Mais venons-en au sujet qui fâche. A la tirade que seuls les fans hardcore de Twilight pourront accepter sans broncher. Si passion il y a bel et bien entre Bella et Edward, force est de constater que nos héros se montrent pour l'instant extrêmement chastes. Le pompon arrive dans ce troisième épisode où Edward déballe ses théories réactionnaires sur le sexe avant le mariage. Au passage, on comprend mieux pourquoi Robert Pattinson, sans doute effrayé à l'idée de perdre en route une partie de son public, s'est dépêché avant la sortie de Twilight 3 de faire Remember Me, où il fume, boit et consomme avec sa copine ! Pour justifier les principes d'Edward, l'histoire présente le Vampire comme attaché aux idées de son époque - il est censé être né au début du siècle. La pilule a tout de même du mal à passer pour qui baigne dans une culture moderne. Cela dit, si l'on rejette Twilight pour cette seule raison, il faudra du même coup rejeter un grand nombre de productions Disney ou même de mangas pour ados. A ceci près que, dans Twilight, le sujet est abordé explicitement et c'est pourquoi on ne pourra s'empêcher d'y voir quelques relents moralisateurs. De manière complètement paradoxale, la franchise Twilight est aussi l'une des seules productions grand public pour ados où une jeune fille peut dire « je te désire » en toute simplicité à son homme.
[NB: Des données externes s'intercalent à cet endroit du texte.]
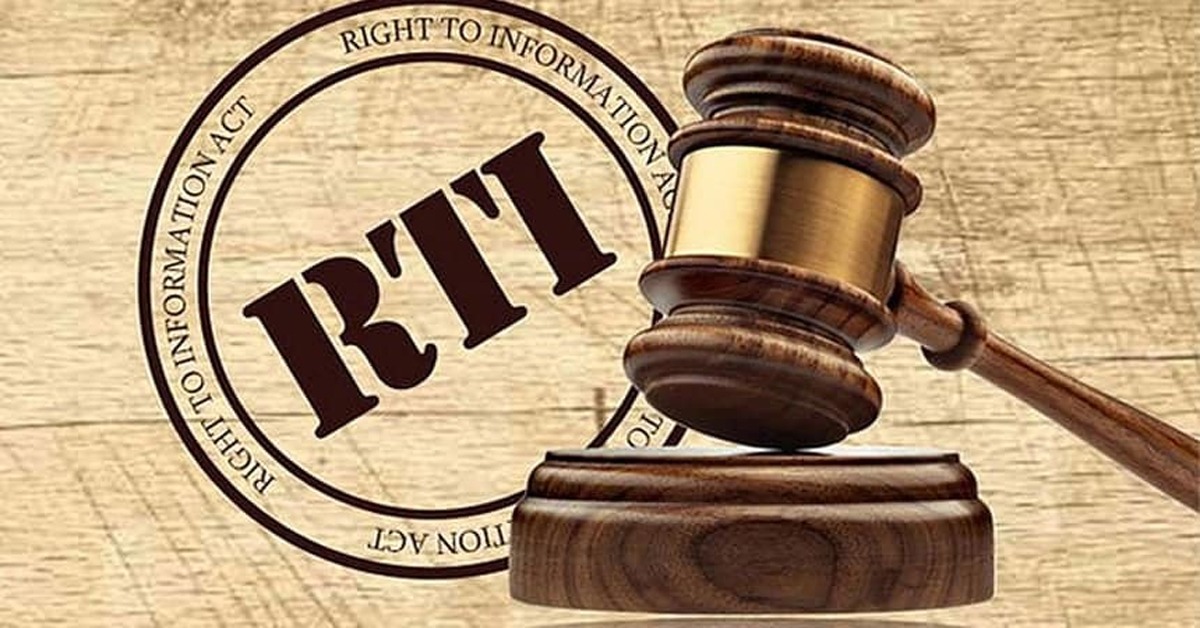 জবাবদিহি নাপসন্দ! গোপনীয়তার দোহাই দিয়ে কোপ RTI আইনে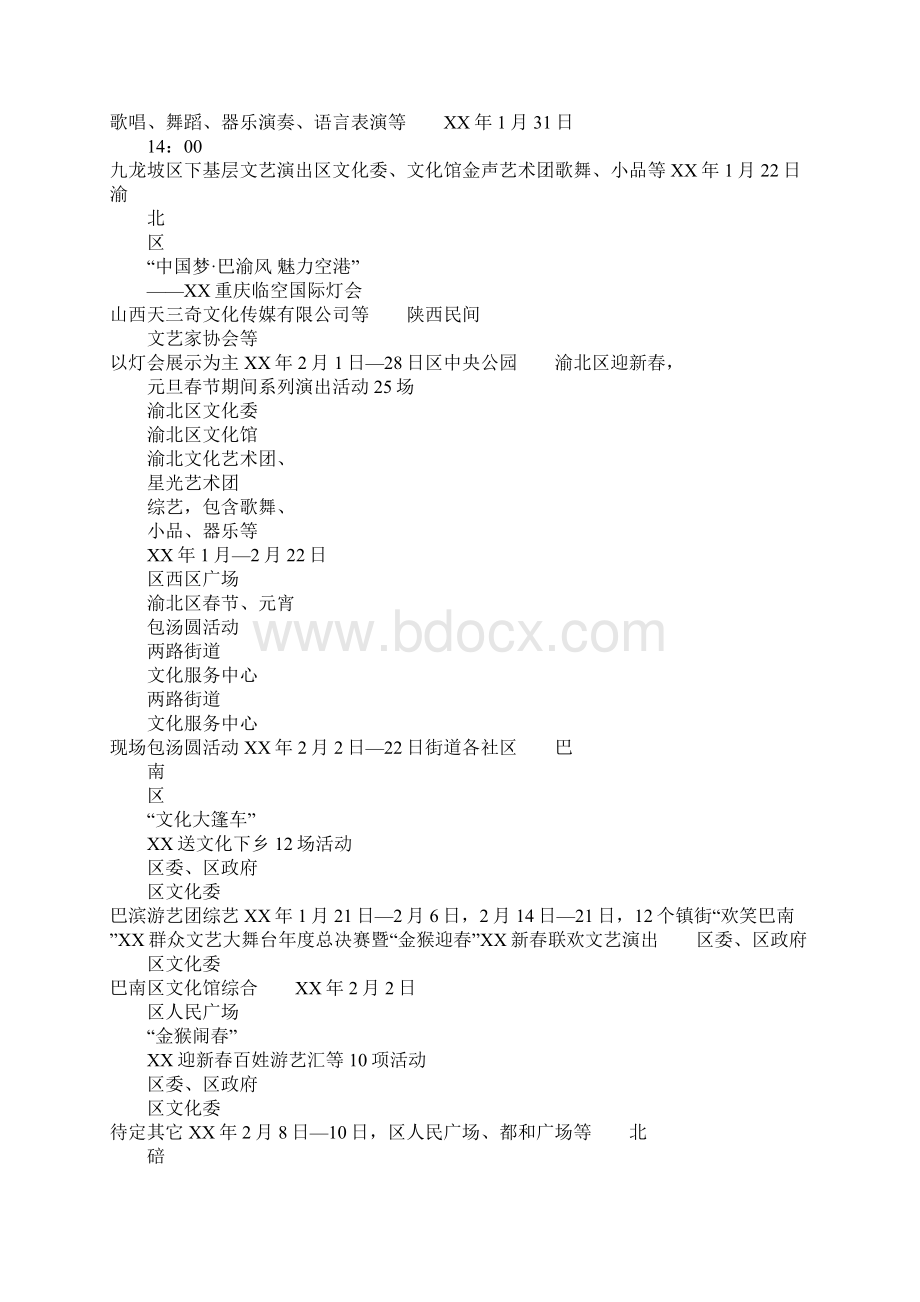 XX年春节活动计划Word文件下载.docx_第3页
Consciemment ou non de la part de l'auteure du roman, Twilight pointe bel et bien du doigt que le désir sexuel féminin, même lorsqu'il est enfin exprimé, n'a pas fini de se heurter aux poids de traditions castratrices, toujours sous prétexte de danger. Et dans quelques décennies, lorsque l'on regardera Twilight comme le phénomène générationnel qu'il est, on y verra toutes les contradictions d'une jeunesse américaine en pleine crise de mœurs, tiraillée qu'elle est entre sa soif de modernité et les idéologies des militants pro-abstinence, très actifs depuis une dizaine d'années. Nous ne sommes pas obligés d'accepter cet aspect paradoxal de l'histoire, mais avouons au moins qu'il n'est pas dénué d'intérêt.